I have to automate certain operations of PUT/POST operation in my case, I have those endpoints already-in-place which will do their part.
My planning is to have another method which will drive this whole automation, consider this method as new POST endpoint which would gonna call each either POST and PUT endpoint from the same service which I already mentioned.
I will gonna call those existing PUT and POST based on input, if consider the input is new I will call existing POST and if given input exists in database I will going to call PUT.
Till I am good, But I have a question in my mind, Which is bugging me a lot that my new endpoint which is of POST is calling PUT as well as POST, I each method type has to do its type of operations only but here I am calling PUT as well as POST whereas my parent calling method type is POST.
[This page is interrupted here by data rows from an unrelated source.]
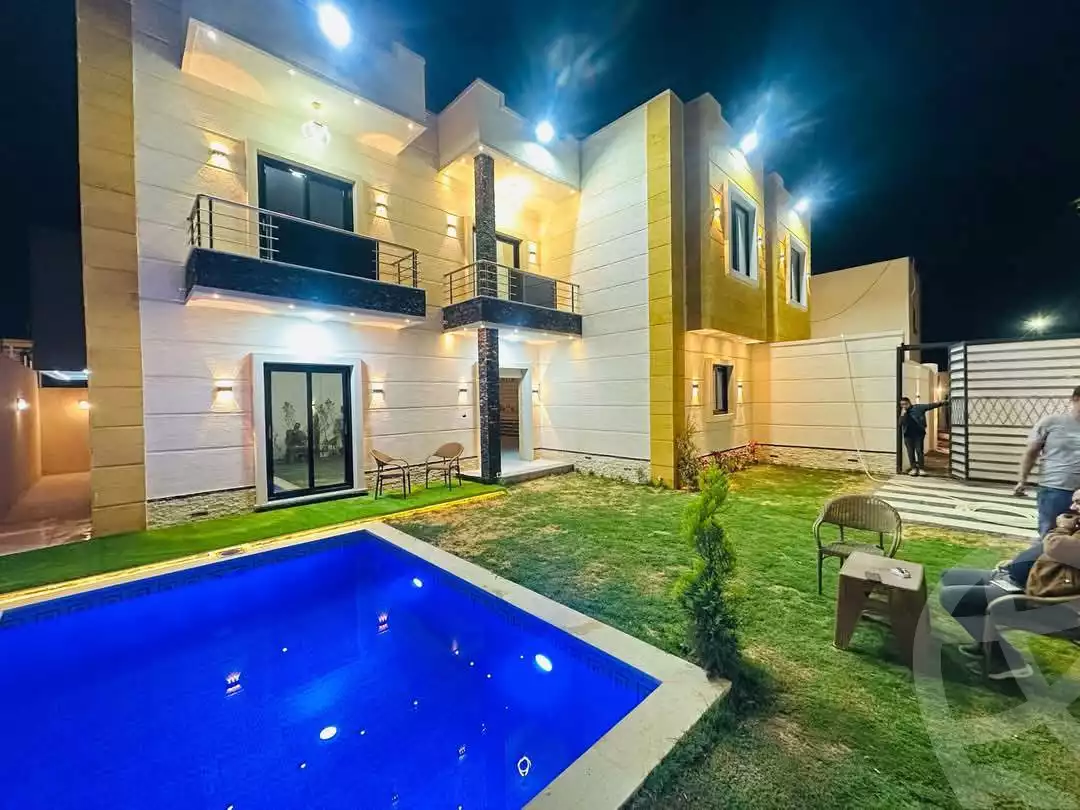 https://aqarmap.com.eg/en/listing/5835875-for-sale-alexandria-l-jmy-el-hanouvel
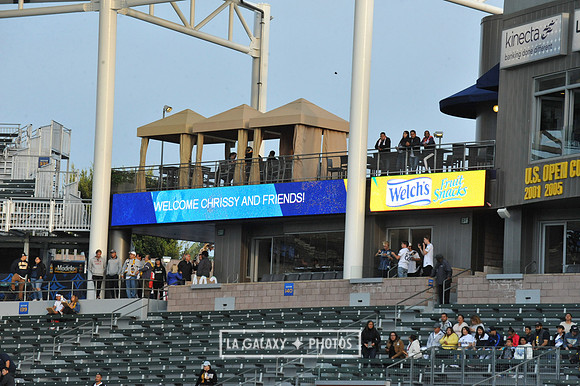 060219_LAGalaxy_vs_NERevolution_SC0785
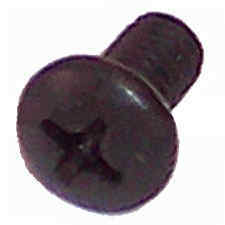 Ridgid 604704 Phillips Screw M5 X 8mm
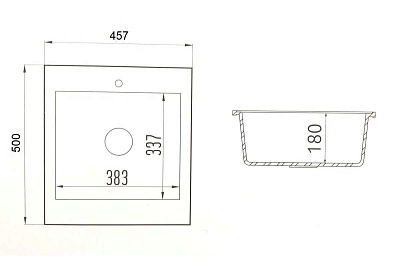   FOSTO FG 50-46 (  650)    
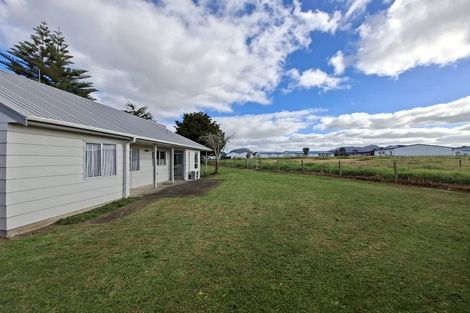 Photo of property in 27 Thomas Street, Tikipunga, Whangarei, 0112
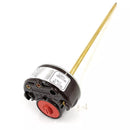 Termostato termo agua Fleck, Corberó, Cointra, Ariston C00691531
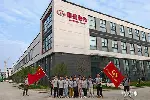 密封仓激光3D打印技术在各行业的应用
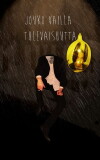 Jouko vailla tulevaisuutta (2016)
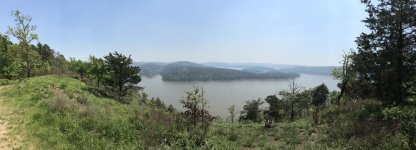 2019-04-20 13.00.33.jpg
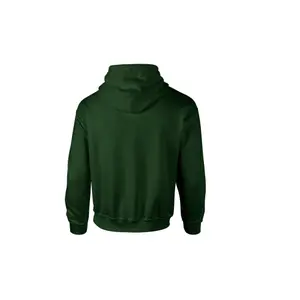 Hoodie Gildan image-1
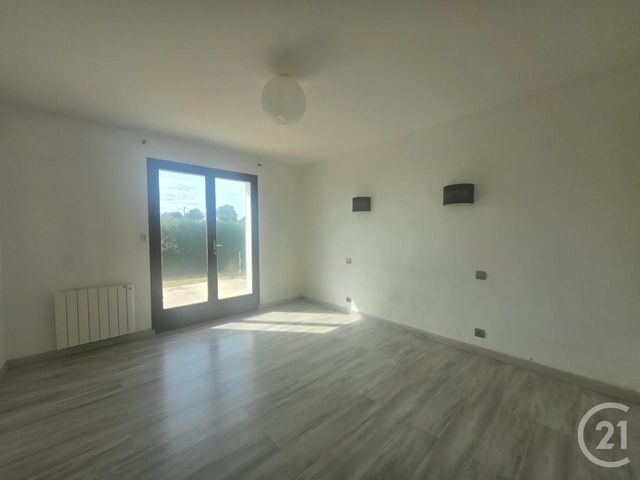 maison à vendre - 4 pièces - 82.32 m2 - RUGLES - 27 - HAUTE-NORMANDIE - Century 21 Soluce Habitat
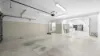 7-9 Cascade Place, Keysborough, Vic 3173-Image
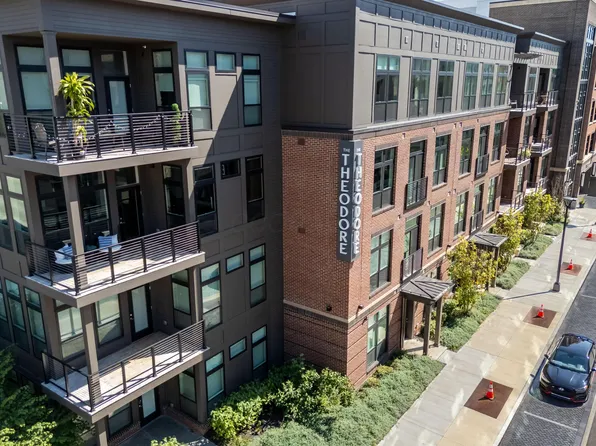 6633 Dale Dr Unit 215, Dublin, OH 43017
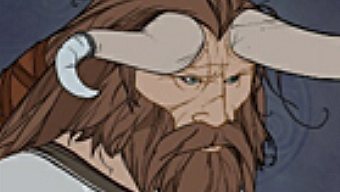 The Banner Saga ya disponible en Android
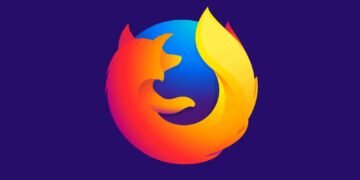 Firefox 148 Unveils New Sanitizer API to Mitigate XSS Assaults in Internet Functions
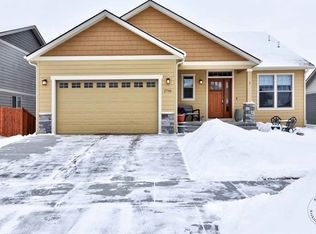2746 Ryland Ave Helena Mt 59601 Zillow
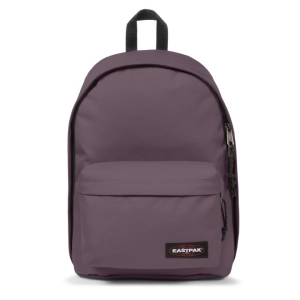 EASTPAK Out Of Office 27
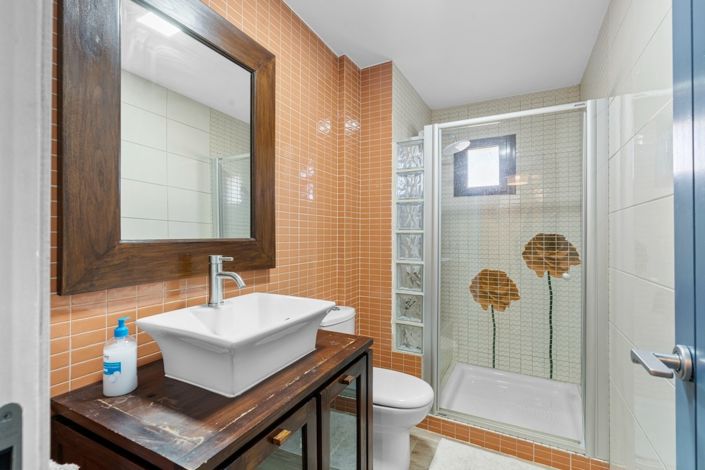 Image No.46-4 Bed Villa for sale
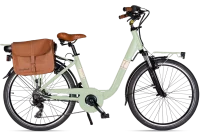 bici-vintage-pedalata-assistita-classic-e-bike-lady-via-veneto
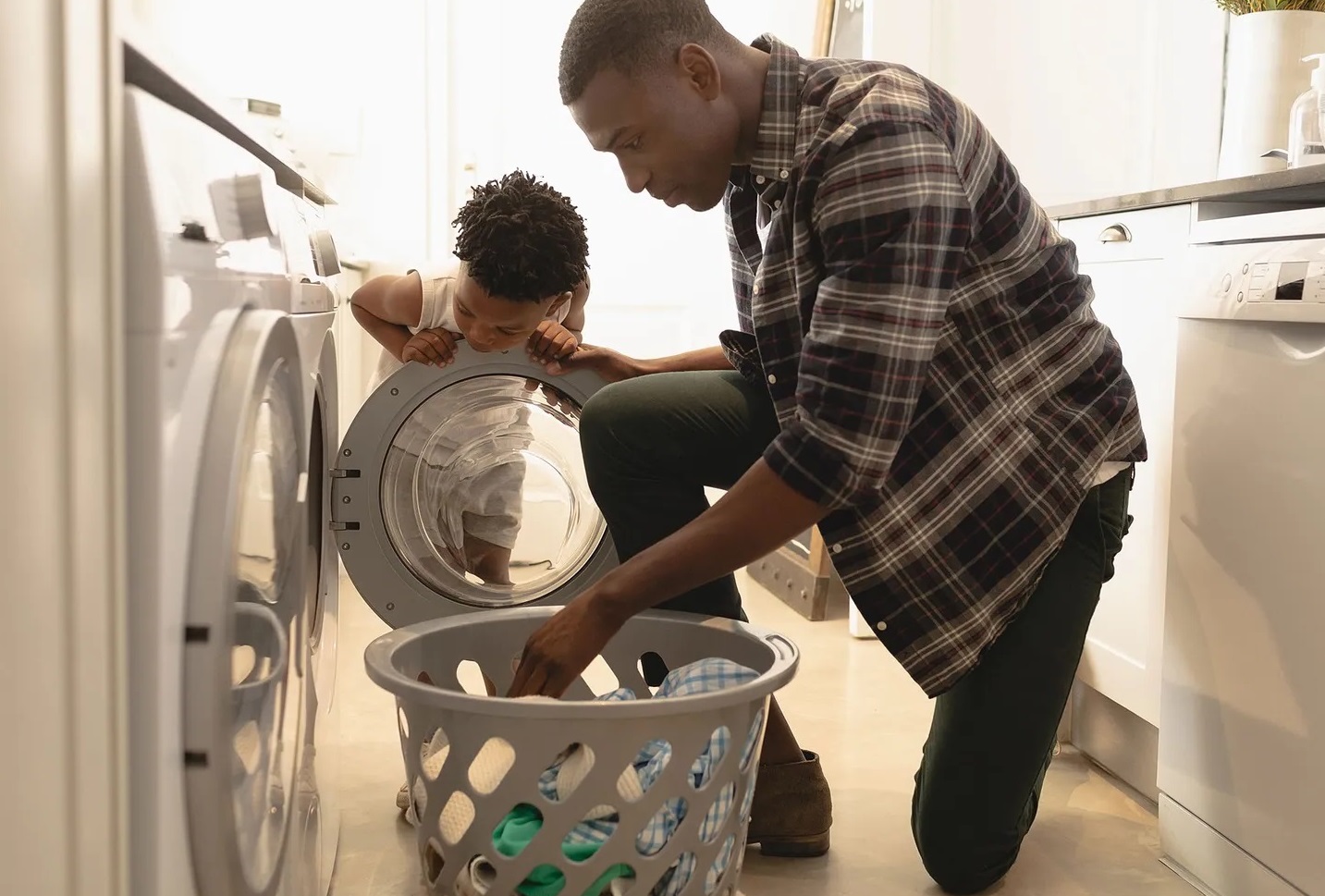 How To Wash A Coach Purse In A Washing Machine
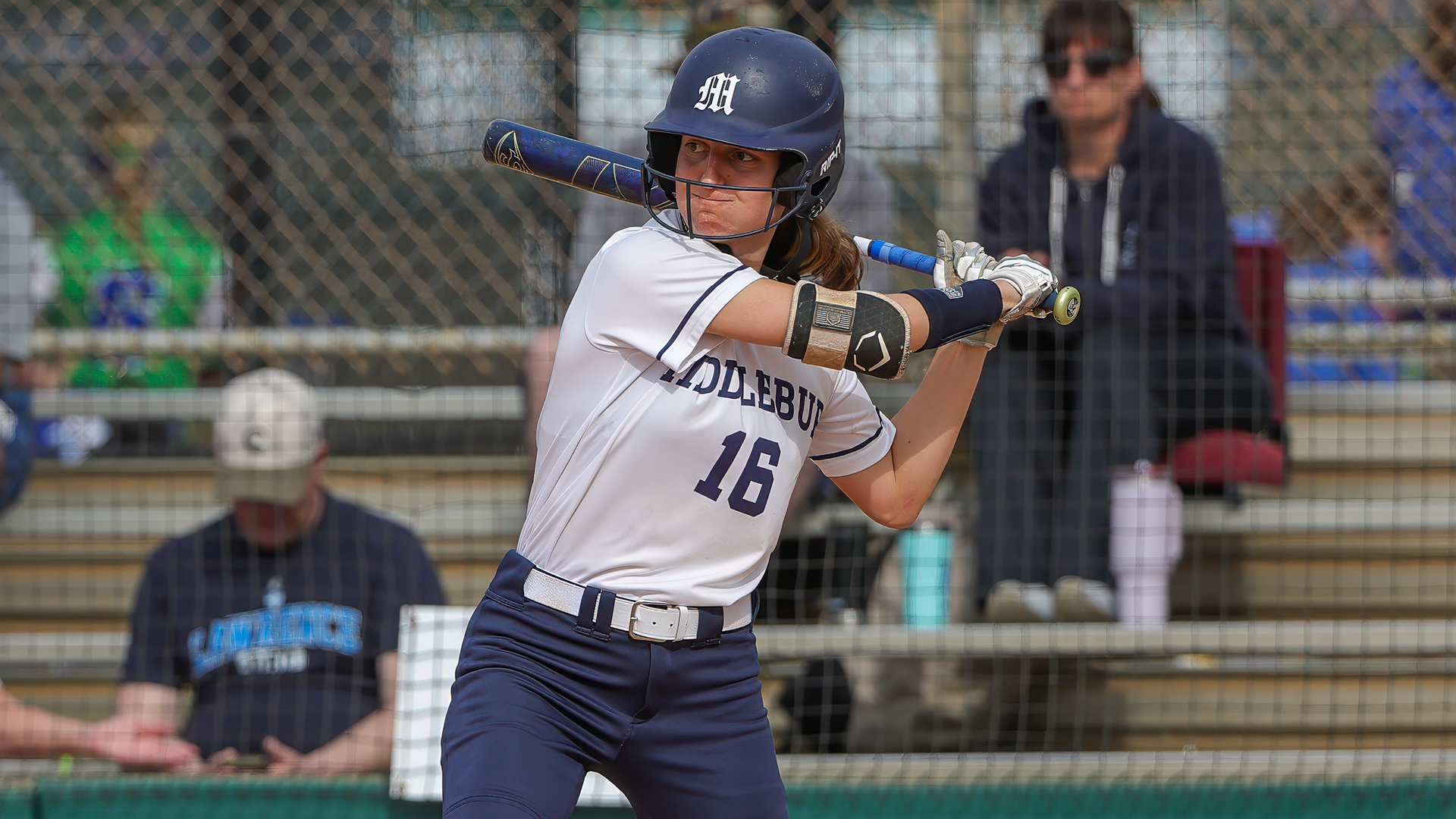 KristynCarroll26Lawrence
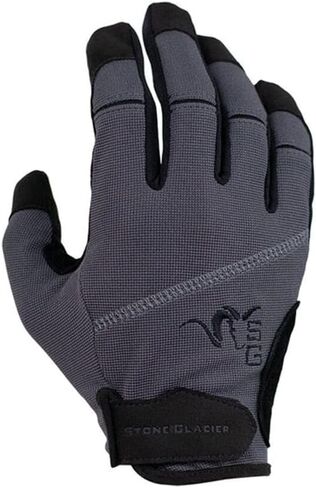 Stone Glacier Mirka Shooting Glove in Saudi Arabia
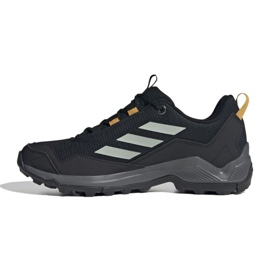 Adidas Terrex Eastrail Gtx ID7847 kengät musta 1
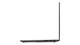 Ноутбук Lenovo Yoga Pro 9 (83SF002MPB), Intel Core Ultra 7 356H / 16'' / Touch / OLED / 120 Гц / RAM 32 ГБ LPDDR5x / SSD 512 ГБ / Intel Graphics + RTX 5060 / Windows 11 Pro / Сірий - изображение 6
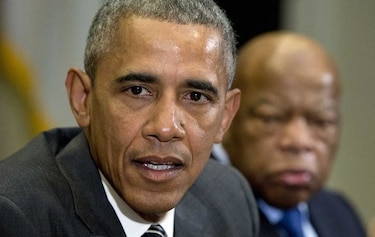 Obama autoriza nuevas sanciones contra Corea del Norte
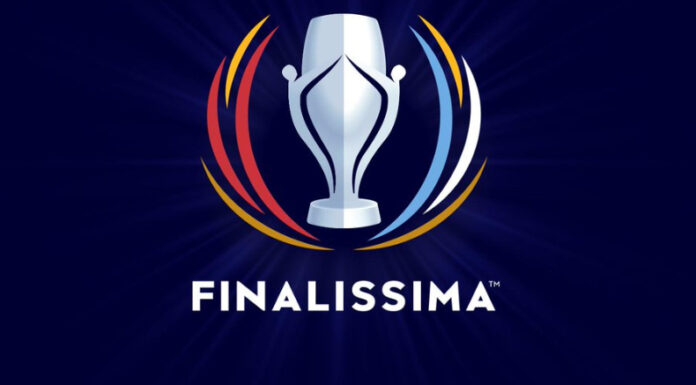España y Argentina preparan detalles para disputar la próxima Finalissima que podría celebrarse en marzo de 2026.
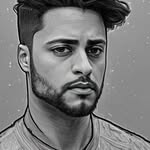 Irving - @irving__chan - Instagram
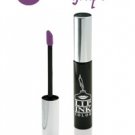 LIP INK Smearproof Trial Size Lip Stain - Grape + Off & Shine Towelettes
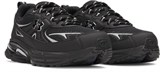 UA Apparition TechUnisex Shoes 6005280-001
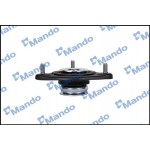 Mando Βάση Στήριξης Γόνατου Ανάρτησης - DCC000334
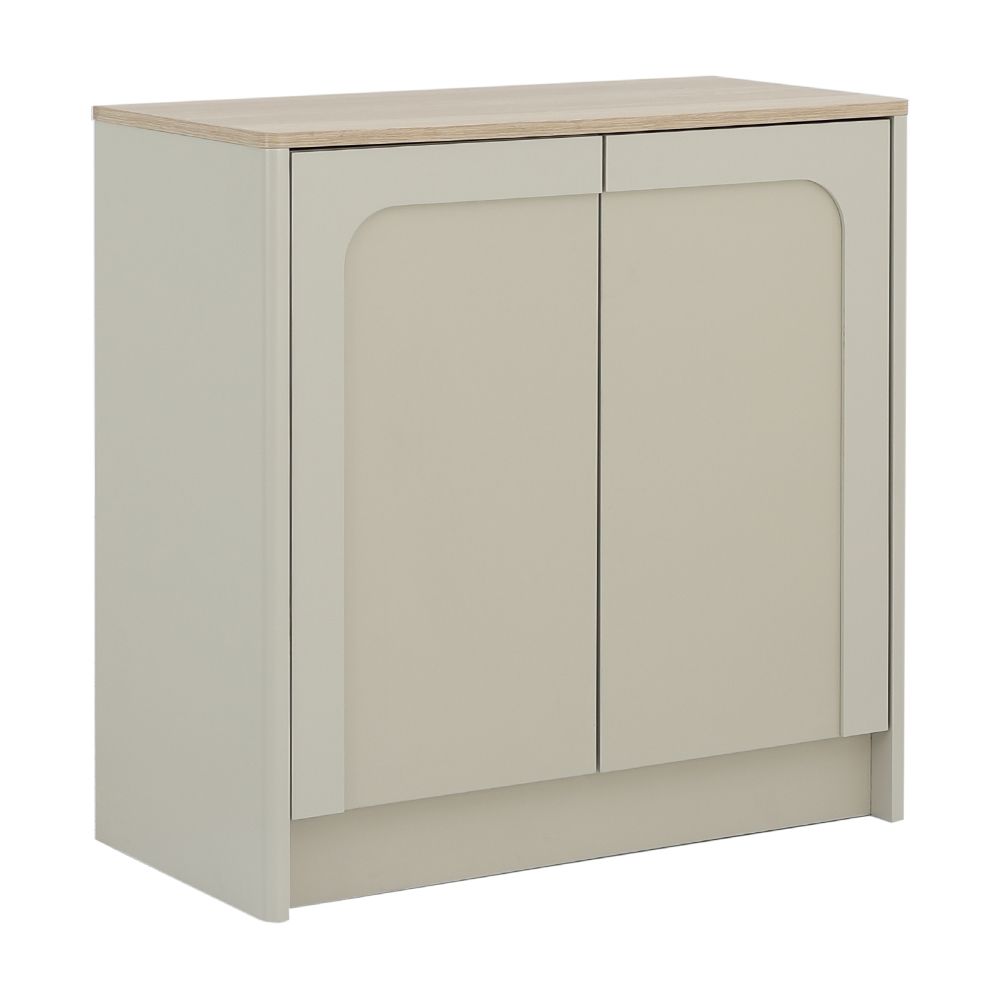 doors Model Size 80 cm - Color/doors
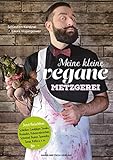 Image de Meine kleine Vegane Metzgerei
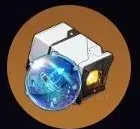崩坏星穹铁道一览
I am not sure if I am working in right direction to achieve my use-case.
Please correct me in a different way.
Note - I am having Spring Boot application which would always need some endpoint to trigger any logic which I am talking about.
Update my question for better understanding.
I dont really know what you mean exactly. The HTTP methods are considered to do a specific task, but yet again its ok to use POST to update something - might be not best practice, but works. If you want to seperate the concerns (adding, updating), then just implement two different endpoints, one handling the creation the other one the update. The client (whether its a web-app or desktop app or whatever) has to handle this issue.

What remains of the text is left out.